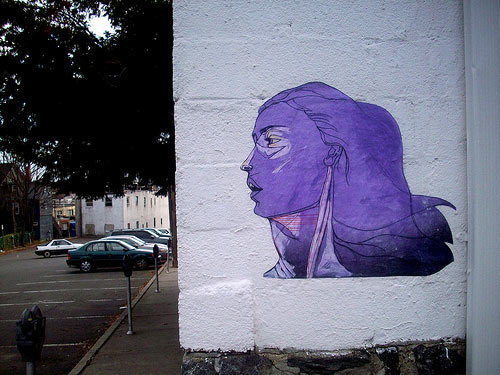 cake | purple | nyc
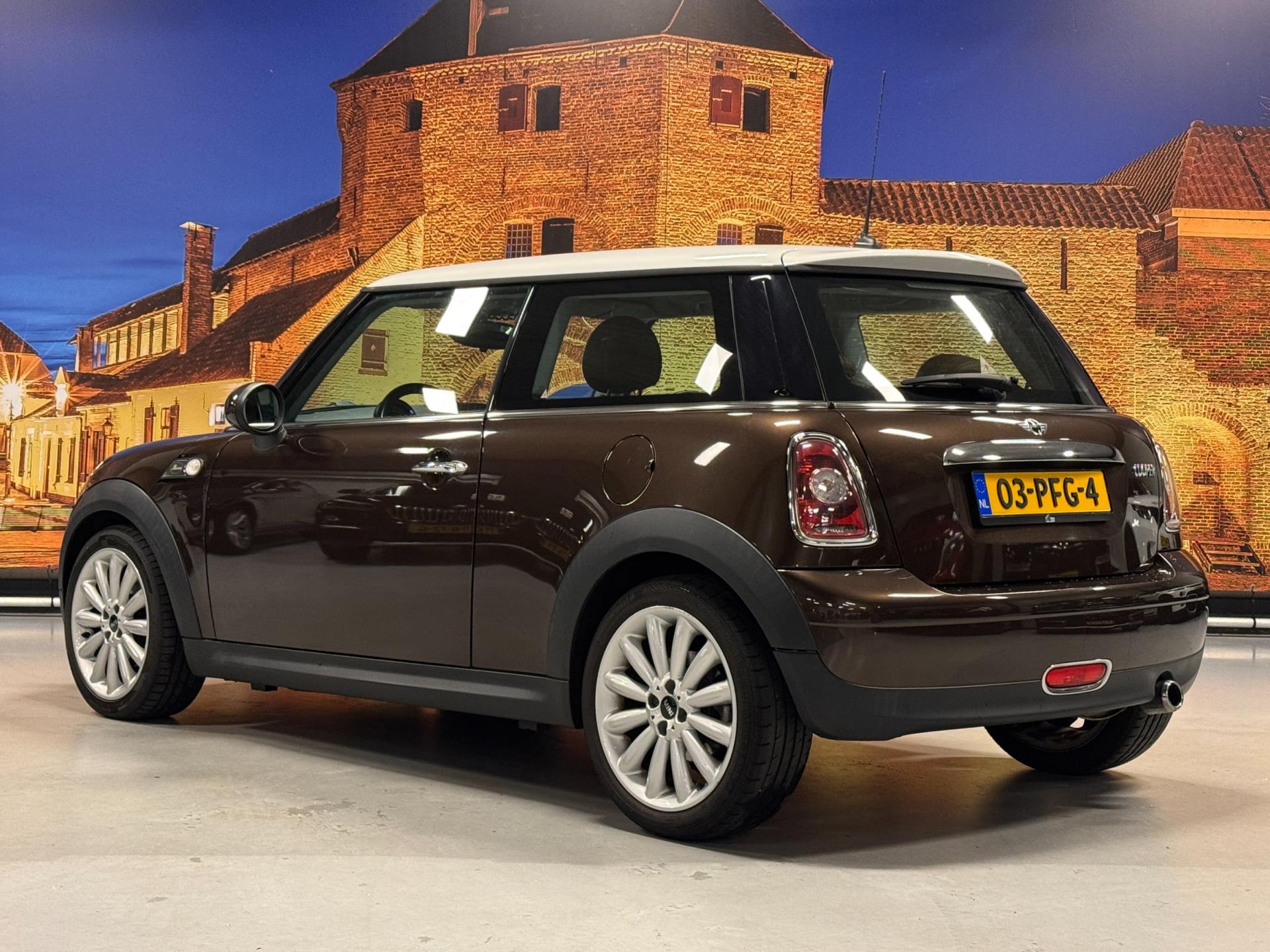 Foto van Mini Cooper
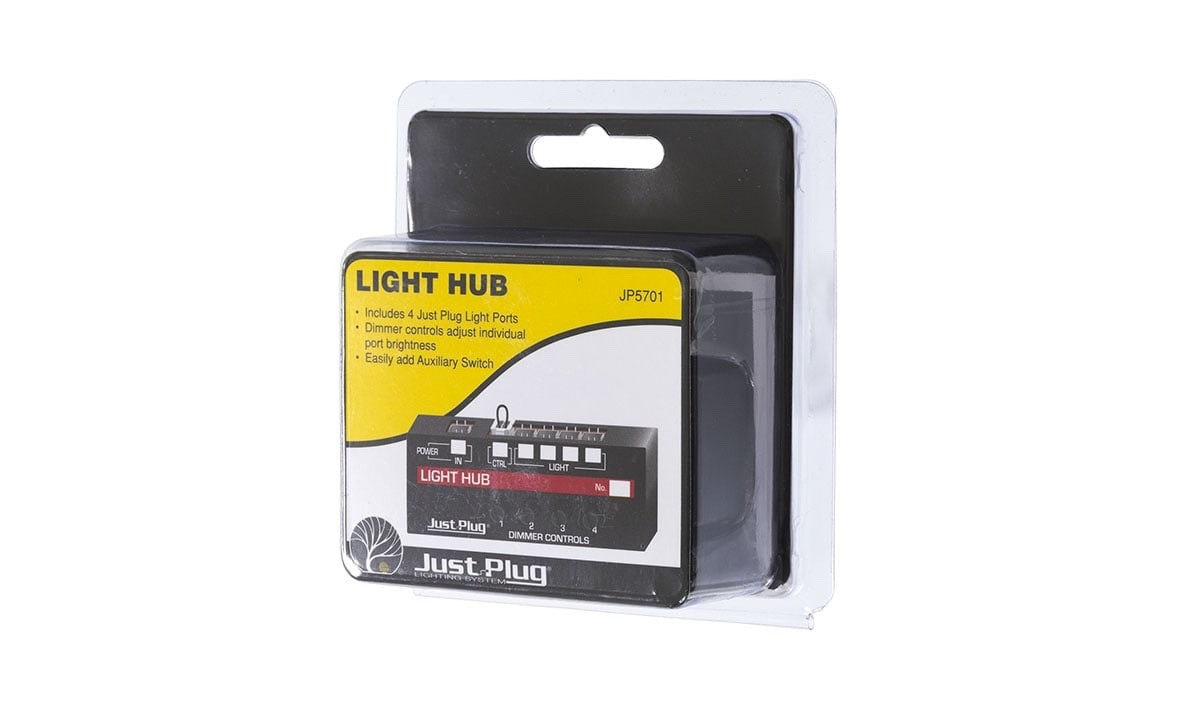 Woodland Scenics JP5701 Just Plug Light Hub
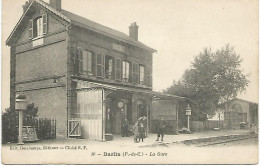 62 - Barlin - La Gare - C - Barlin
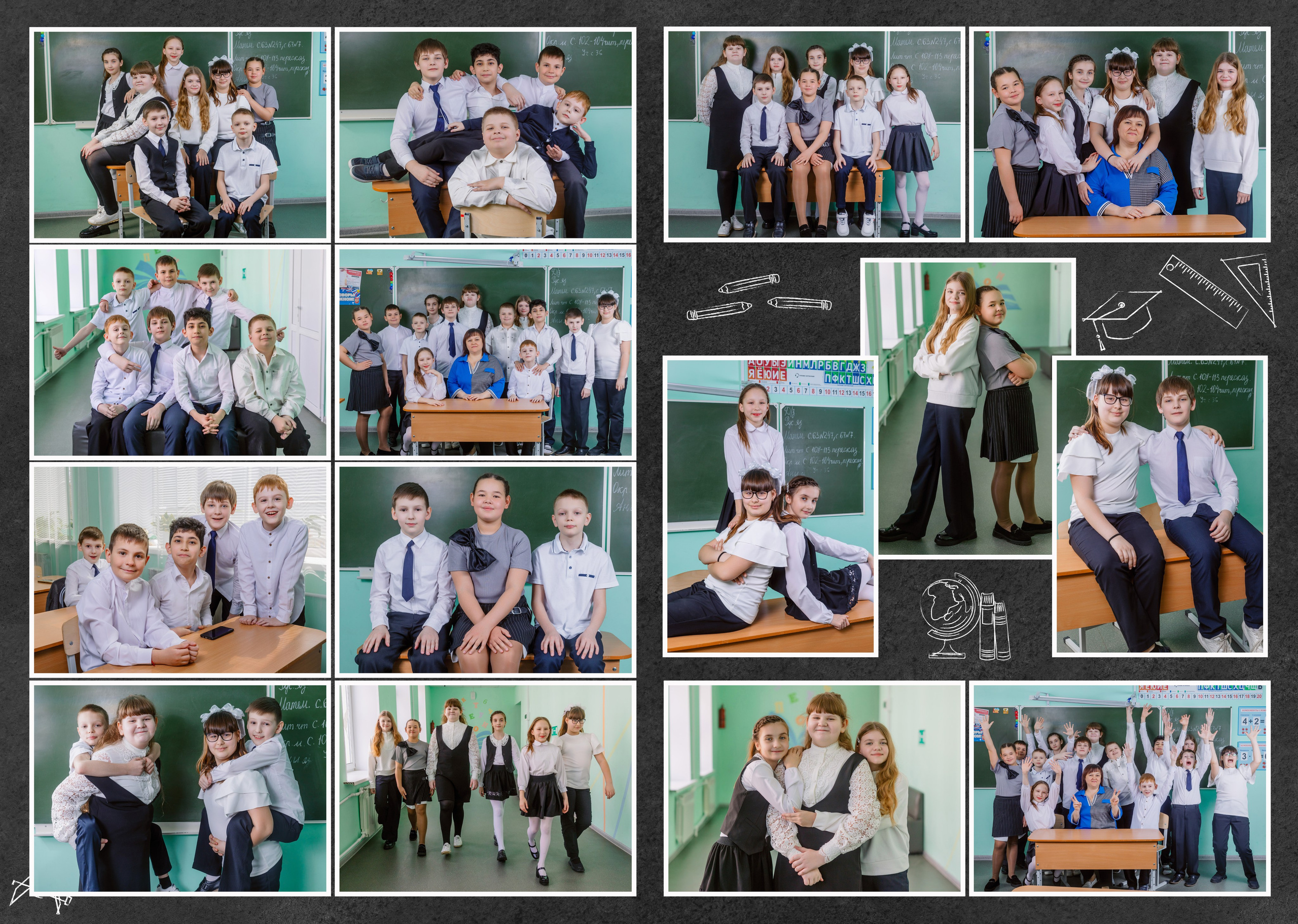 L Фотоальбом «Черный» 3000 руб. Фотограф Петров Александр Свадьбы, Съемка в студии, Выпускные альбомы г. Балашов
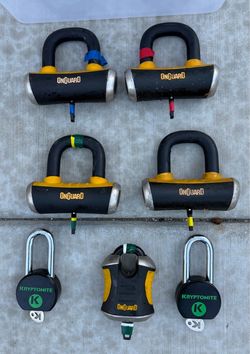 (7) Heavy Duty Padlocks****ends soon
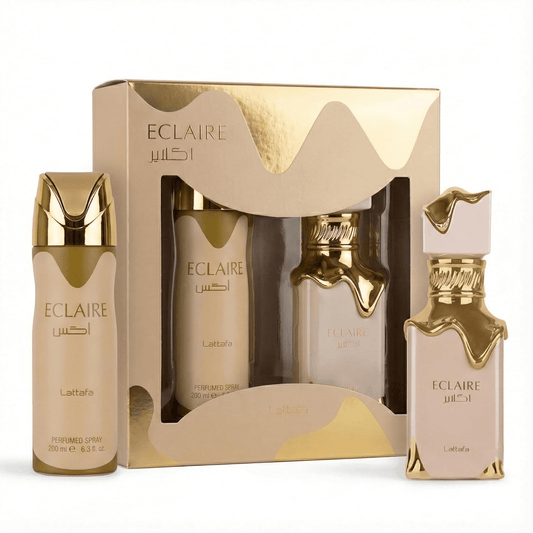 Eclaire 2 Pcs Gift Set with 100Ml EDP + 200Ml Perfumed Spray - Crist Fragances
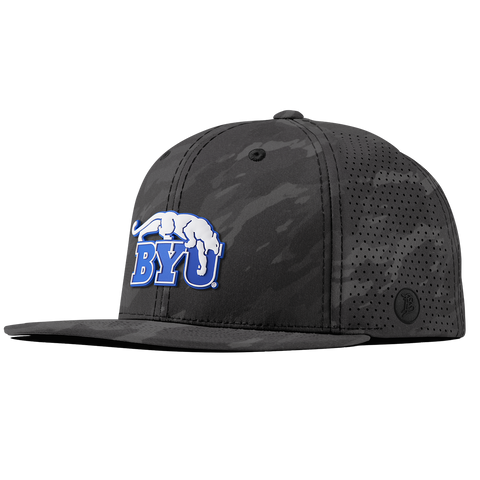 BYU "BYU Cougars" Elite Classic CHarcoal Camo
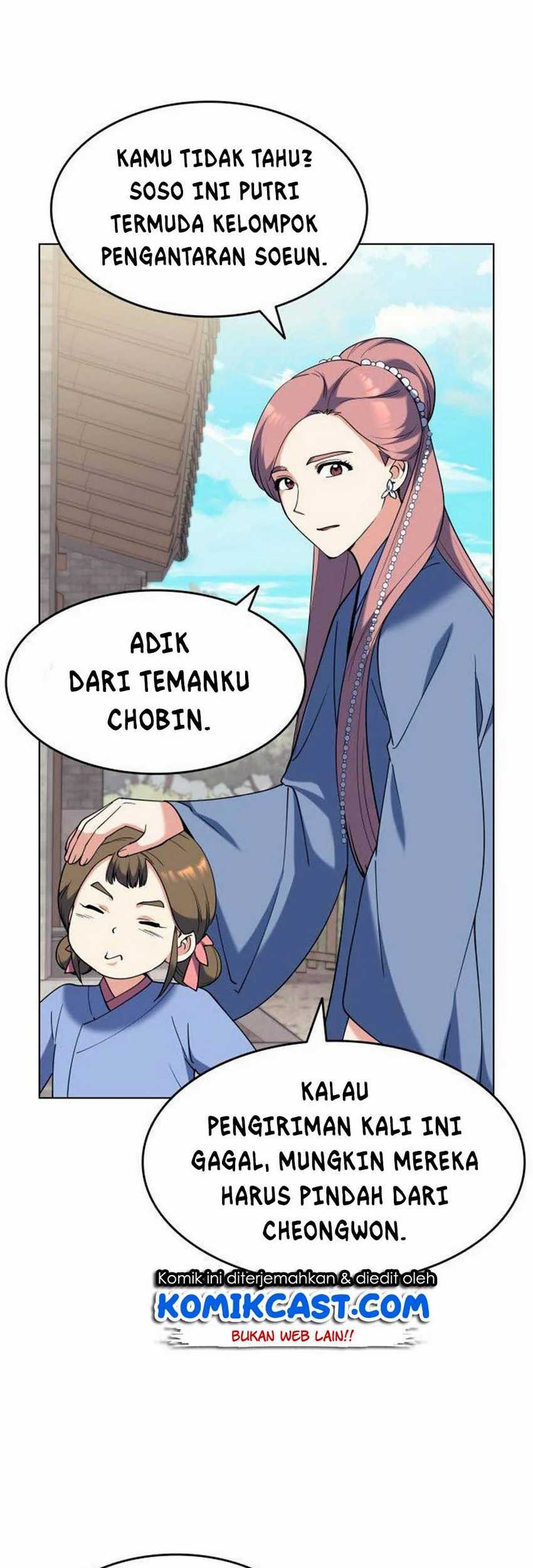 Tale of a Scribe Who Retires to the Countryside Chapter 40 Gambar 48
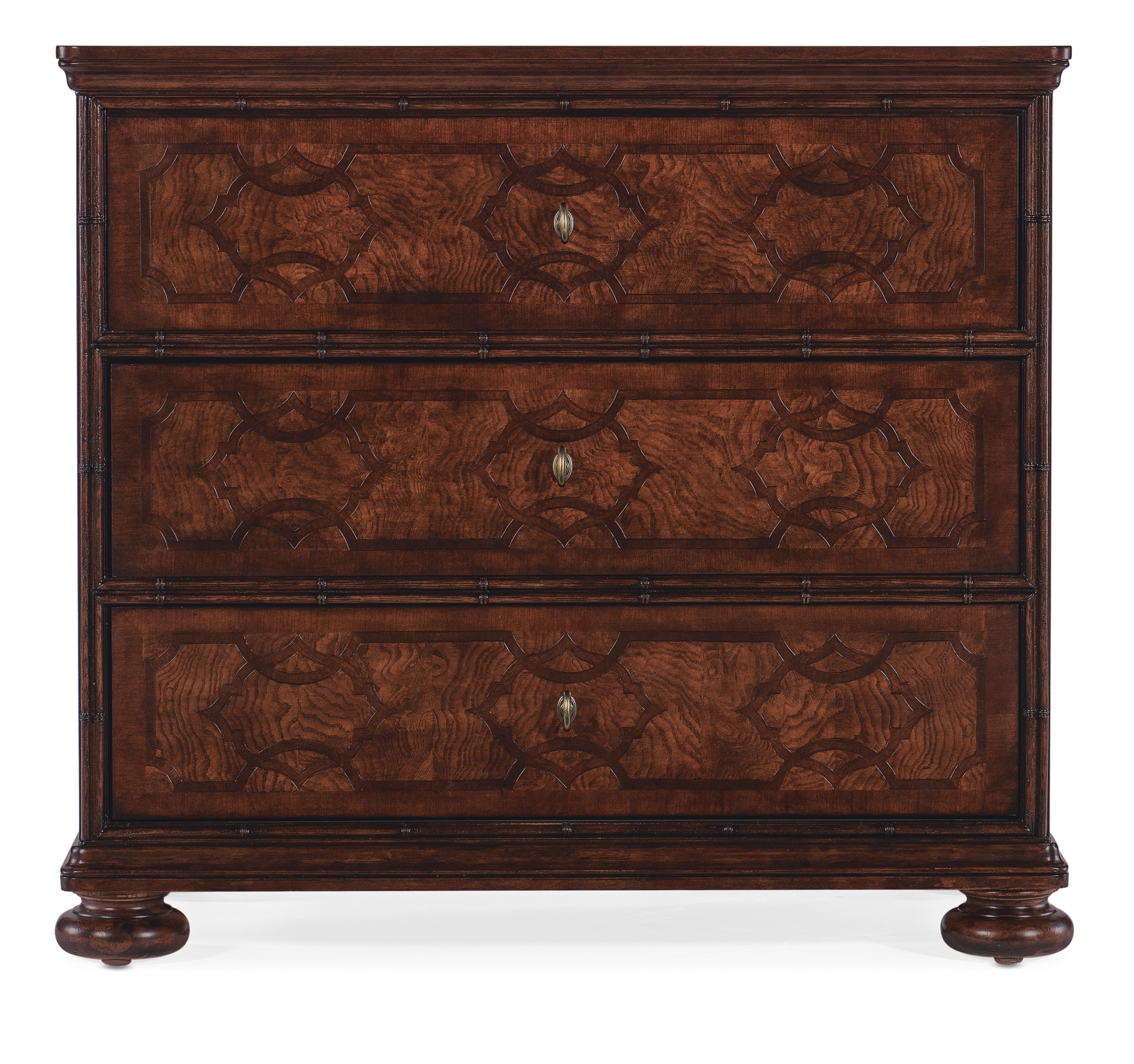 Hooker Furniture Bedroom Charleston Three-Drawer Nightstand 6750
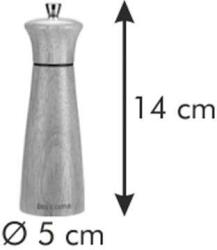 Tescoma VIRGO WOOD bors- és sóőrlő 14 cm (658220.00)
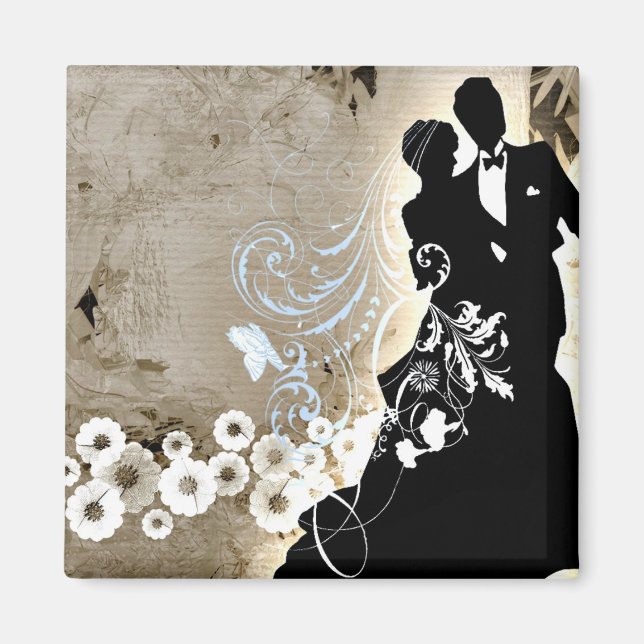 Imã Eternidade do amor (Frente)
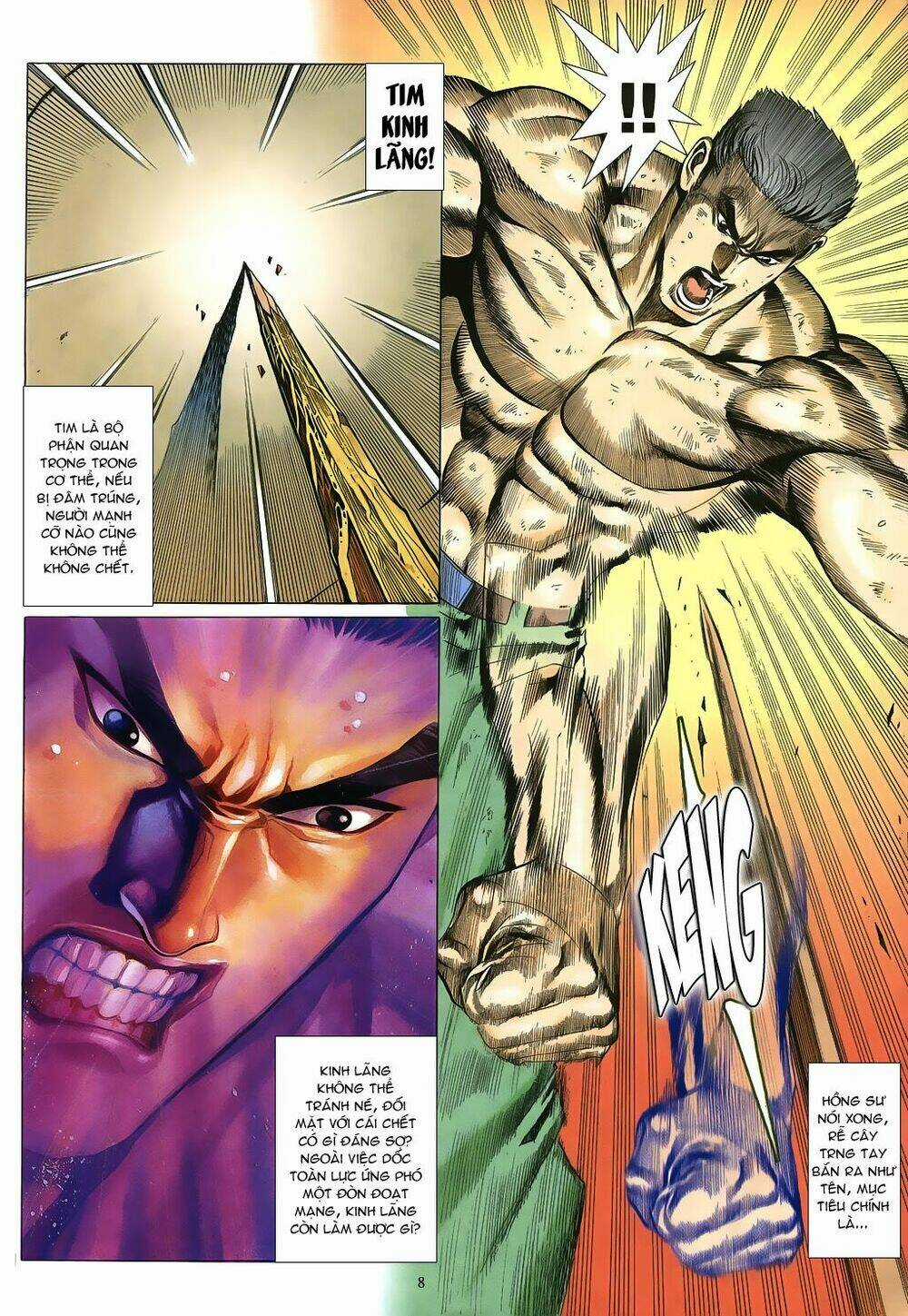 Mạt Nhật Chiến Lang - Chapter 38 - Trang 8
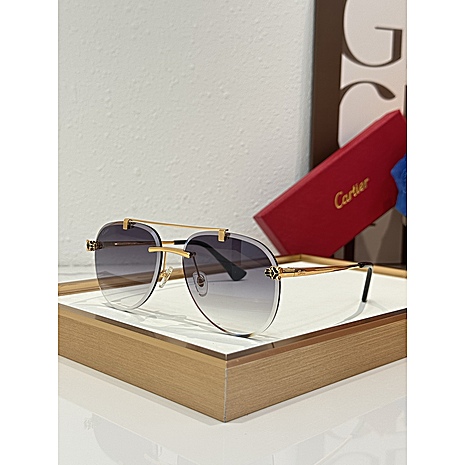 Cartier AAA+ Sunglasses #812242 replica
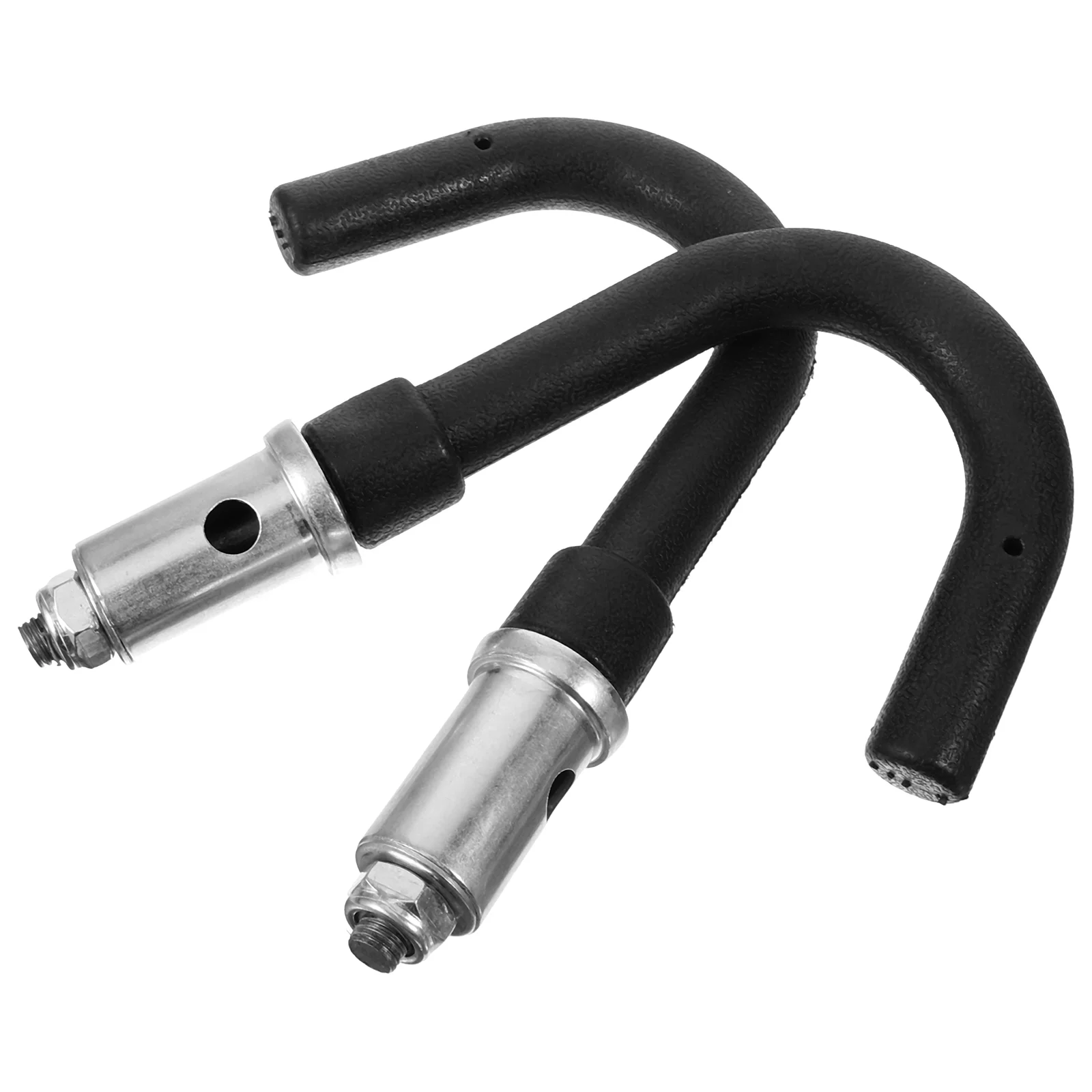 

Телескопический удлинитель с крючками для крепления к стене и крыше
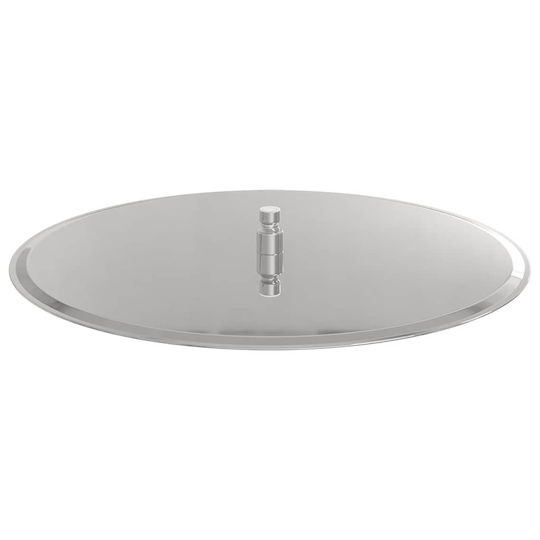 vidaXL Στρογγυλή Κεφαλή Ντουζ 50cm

● **Work instructions**
Reproduce only the lines from the line that holds "Eclaire 2 Pcs" through the end of the records, exactly as they stand, both ends included and pictures excluded.

● **Exercise result**
 Eclaire 2 Pcs Gift Set with 100Ml EDP + 200Ml Perfumed Spray - Crist Fragances
 BYU "BYU Cougars" Elite Classic CHarcoal Camo
 Tale of a Scribe Who Retires to the Countryside Chapter 40 Gambar 48
 Hooker Furniture Bedroom Charleston Three-Drawer Nightstand 6750
 Tescoma VIRGO WOOD bors- és sóőrlő 14 cm (658220.00)
 Imã Eternidade do amor (Frente)
 Mạt Nhật Chiến Lang - Chapter 38 - Trang 8
 Cartier AAA+ Sunglasses #812242 replica

Телескопический удлинитель с крючками для крепления к стене и крыше
 vidaXL Στρογγυλή Κεφαλή Ντουζ 50cm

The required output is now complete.